While she spoke, it so chanced that there flitted over the infant-face one of those smiles that we see sometimes in young children—strange, causeless smiles, which seem the reflection of some invisible influence.

And so, while the babe smiled, there came to its face such an angel-brightness, that it shone into the mother's careless heart. For the first time since that mournful day which had so changed her nature, Sybilla Rothesay sat down and kissed the child of her own accord. Elspie heard no maternal blessing—the name of “Olive” was never breathed; but the nurse was satisfied when she saw that the babe's second baptism was its mother's repentant tears.

There was in Sybilla no hardness nor cruelty, only the disappointment and vexation of a child deprived of an expected toy. She might have grown weary of her little daughter almost as soon, even if her pride and hope had not been crushed by the knowledge of Olive's deformity. Love to her seemed a treasure to be paid in requital, not a free gift bestowed without thought of return. That self-forgetting maternal devotion, lavished first on unconscious infancy, and then on unregarding youth, was a mystery to her utterly incomprehensible. At least it seemed so now, when, with the years and the character of a child, she was called to the highest duty of woman's life. This duty comes to some girlish mothers as an instinct, but it was not so with Mrs. Rothesay. An orphan, and heiress to a competence, if not to wealth, she had been brought up like a plant in a hot-bed, with all natural impulses either warped and suppressed, or forced into undue luxuriance. And yet it was a sweet plant withal; one that might have grown, ay, and might yet grow, into perfect strength and beauty.

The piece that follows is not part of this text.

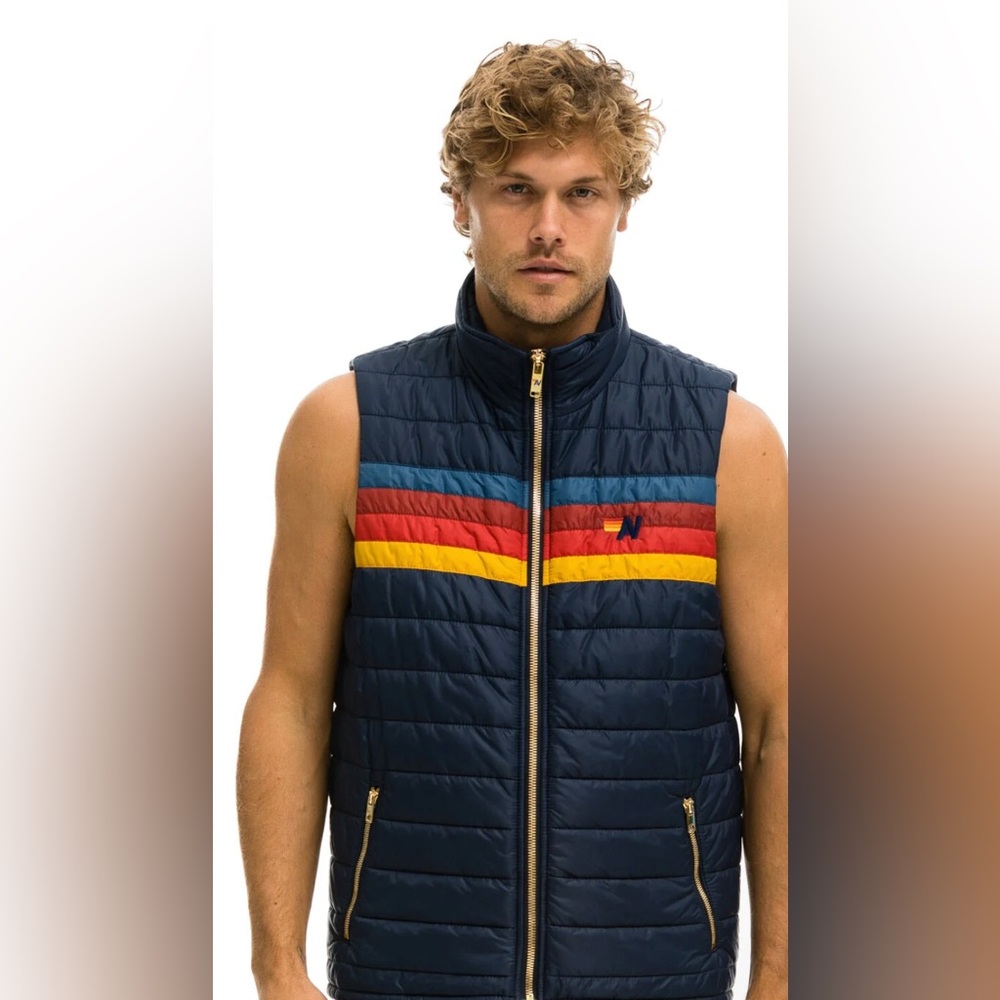 Aviator Nation Men’s 4 Stripe Vest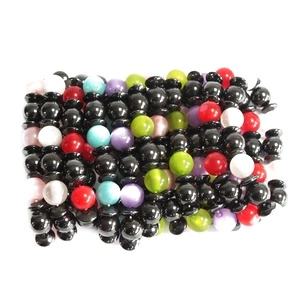 Magnetic Bracelets - Colour Therapy Range - asst 6 Designs x 2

Mrs. Rothesay's education—that education of heart, and mind, and temper, which is essential to a woman's happiness, had to begin when it ought to have been completed—at her marriage. Most unfortunate it was for her, that ere the first twelvemonth of their wedded life had passed, Captain Rothesay was forced to depart for Jamaica, whence was derived his wife's little fortune; their whole fortune now, for he had quitted the army on his marriage. Thus Sybilla was deprived of that wholesome influence which man has ever over a woman who loves him, and by which he may, if he so will, counteract many a fault and weakness in her disposition.

Time passed on, and Mrs. Rothesay, a wife and mother, was at twenty-one years old just the same as she had been at seventeen—as girlish, as thoughtless, eager for any amusement, and often treading on the very verge of folly. She still lived at Stirling, enforced thereunto by the entreaties, almost the commands, of Elspie Murray, against whom she bitterly murmured sometimes, for shutting her up in such a dull Scotch town. When Elspie urged her unprotected situation, the necessity of living in retirement, for the “honour of the family,” while Captain Angus was away, Mrs. Rothesay sometimes frowned, but more often put the matter off with a merry jest. Meanwhile she consoled herself by going as much into society as the limited circle of Dr. and Mrs. Johnson allowed; and therein, as usual, the lovely, gay, winning young creature was spoiled to her heart's content.

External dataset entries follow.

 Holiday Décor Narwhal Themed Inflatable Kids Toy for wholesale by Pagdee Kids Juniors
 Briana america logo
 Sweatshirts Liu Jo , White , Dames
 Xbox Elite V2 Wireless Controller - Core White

So she still lived the life of a wayward, petted child, whose natural instinct for all things good and beautiful kept her from ever doing what was positively wrong, though she did a great deal that was foolish enough in its way. She was, as she jestingly said, “a widow bewitched;” but she rarely coquetted, and then only in that innocent way which comes natural to some women, from a universal desire to please. And she never ceased talking and thinking of her noble Angus.

When his letters came, she always made a point of kissing them half-a-dozen times, and putting them under her pillow at night, just like a child! And she wrote to him regularly once a month—pretty, playful, loving letters. But there was in them one peculiarity—they were utterly free from that delicious maternal egotism which chronicles all the little incidents of babyhood. She said, in answer to her husband's questions, that “Olive was well;” “Olive could just walk;” “Olive had learned to say 'Papa and Elspie.'” Nothing more.

The fatal secret she had not dared to tell him.

Her first letters—full of joy about “the loveliest baby that ever was seen”—had brought his in return echoing the rapture with truly paternal pride. They reached her in her misery, to which they added tenfold. Every sentence smote her with bitter regret, even with shame, as though it were her fault in having given to the world the wretched child. Captain Rothesay expressed his joy that his little daughter was not only healthy, but pretty; for, he said, “He should be quite unhappy if she did not grow up as beautiful as her mother.” The words pierced Sybilla's heart; she could not—dared not tell him the truth; not yet, at least. And whenever Elspie's rough honesty urged her to do so, she fell into such agonies of grief and anger, that the nurse was obliged to desist.

Sometimes, when letter after letter came from the father, full of inquiries about his precious first-born,—Sybilla, whose fault was more in weakness than deceit, resolved that she would nerve herself for the terrible task. But it was vain—she had not strength to do it.